After the transfer of our property in April ’23, with un bel prosecco in our hands, David and I met the two guys that would stay in our house ‘anti-squat’ until the renovation would start. We thought it was a great idea that it wouldn’t just stand there all by itself on the hill, for grasp for whoever wanted to singlehandedly decide set up camp in it.
The boys were friends of the former owner’s son. Kind and appreciative. So we returned to the Netherlands all content. In order to earn some money, they would even mow the grass, especially around the 220 olive trees, which – given the many terraces – isn’t an easy job. We felt happy to have found people to take care of this, this year. A good start!
In the beginning of September, renovations would commence and our anti-squaters confirmed they had finished the work and would be out in time. And they were! Except… they had left all their stuff behind. All of it. It was a havoc of garbage bags, wine bottles, a disconnected fridge full of food, a washing machine complete with laundry, a bed, its mattress, tutto. And the guys had vanished.

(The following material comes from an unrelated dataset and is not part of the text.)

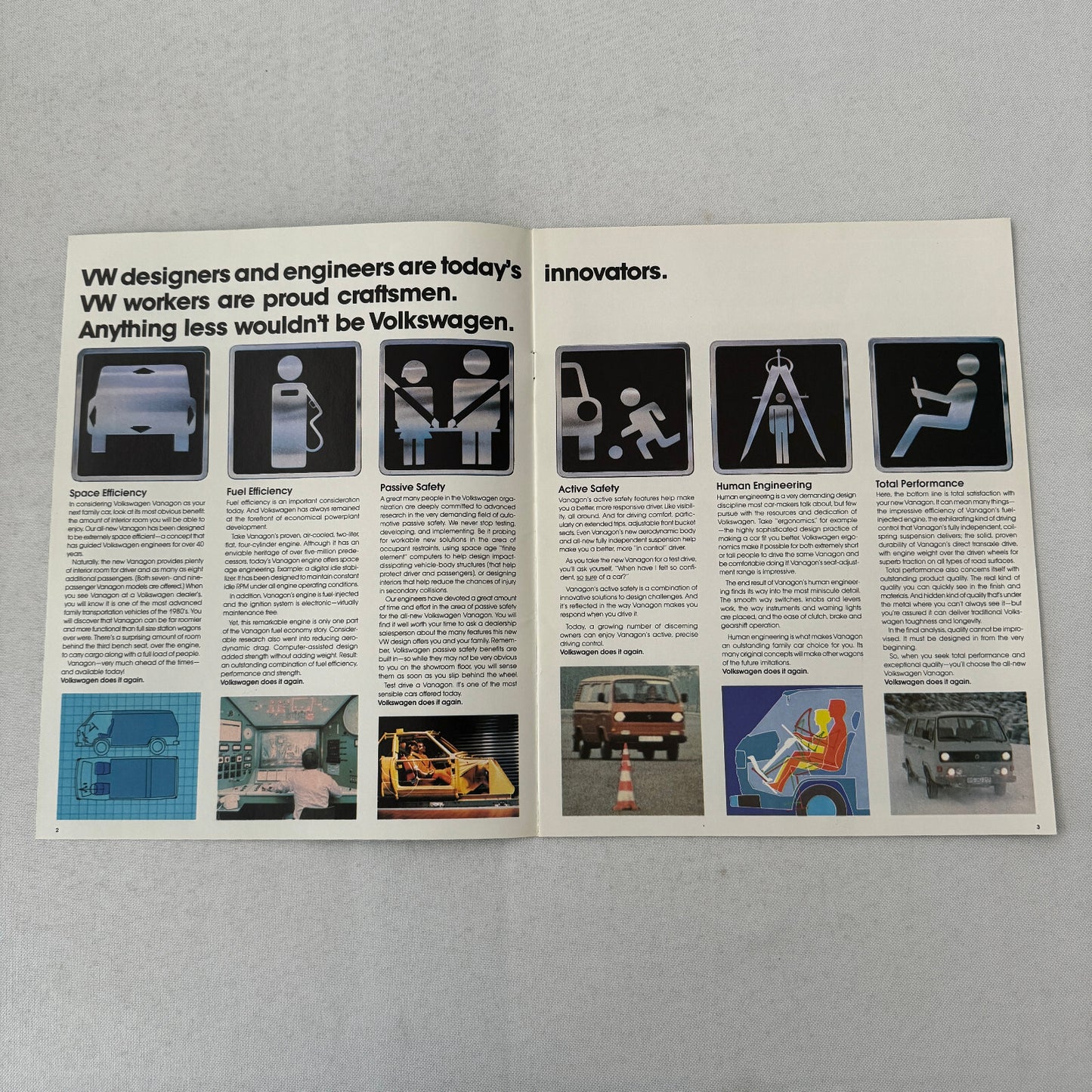 1980 Volkswagen VW Vanagon and Camper Sales Brochure Catalog Advertising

It felt hurt, I have to admit. I liked and trusted them. But Hey, the contractor would have to dispose a lot of debris anyway. The stuff the guys had left would hardly make a difference. So we had learned our lesson and moved on.

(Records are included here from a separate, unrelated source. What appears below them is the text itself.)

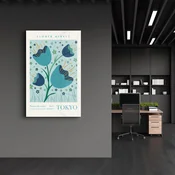 Multikolorna dekorativna slika od kaljenog stakla SPR-1151 - 35 x 55 cm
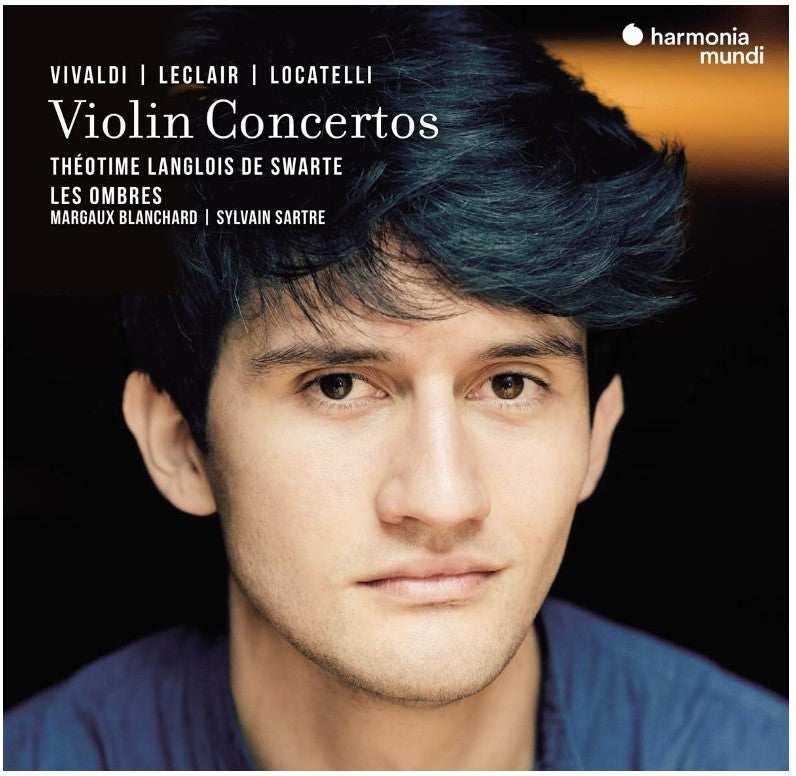Théotime Langlois de Swarte - Vivaldi, Leclair & Locatelli Violin Concertos Album | Baroque Classical Music CD for Relaxation, Study & Dinner Parties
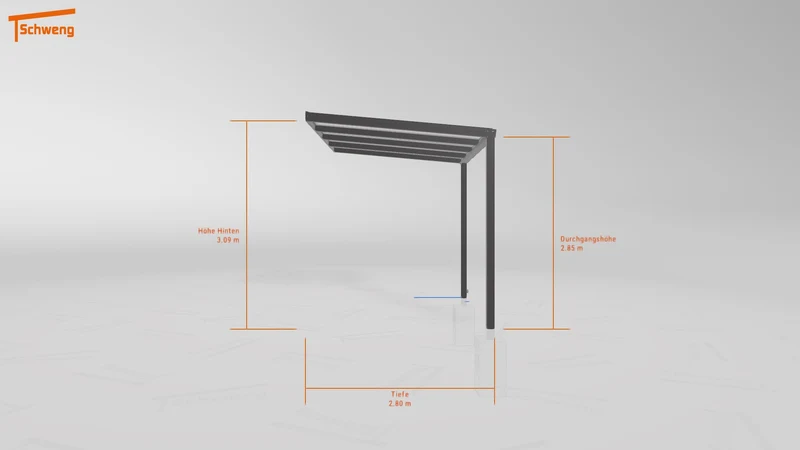 #DE Schweng Terrassenüberdachung S350 (ID n5mb93)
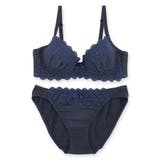 ノンワイヤーのコットンレースのブラ&ショーツSET素肌を優しく包む配慮がいっぱい… | fran de lingerie | 詳細画像3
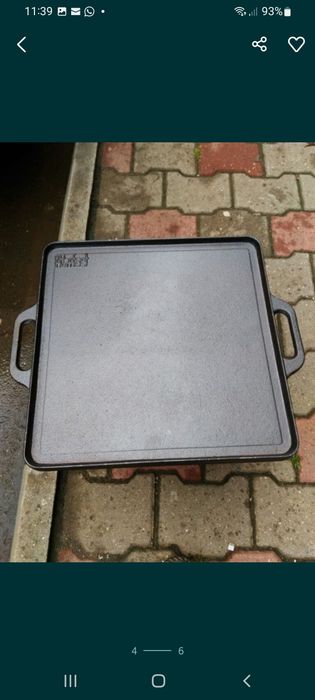 Gratar FONTA PURA 42 X 42 cm, 10 kg Promo/279 lei redus de la 299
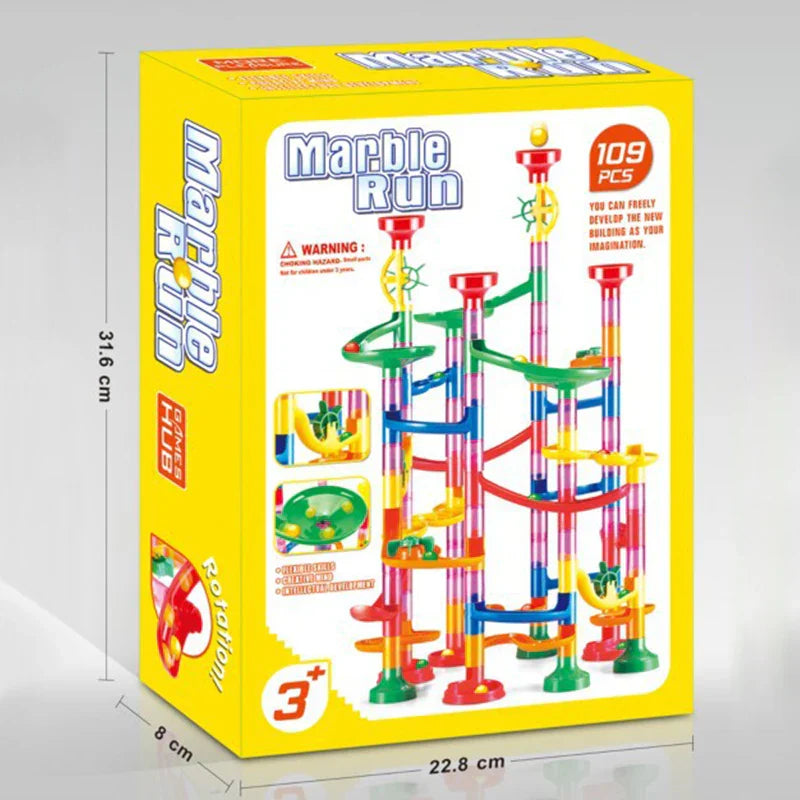 Marble Run Race Track Building Blocks Kids 3D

Unfortunately, however, our lesson not to trust just anyone, had a second chapter. Our neighbour Lelle had promised us to take care of the harvesting of the olives this year. He had helped the previous owner for a number of years and was the one that had instructed us that the grass would have to be gone to be able to carry out the job.
He also became the one to discover and inform us about the fact that, despite our generous payment, our friends had NOT mowed the grass at all…, as a result of which the harvesting of the olive trees could not yet be carried out…
This, of course, is solvable too. But boy, do I start to wonder where our trust and naivety will take us next!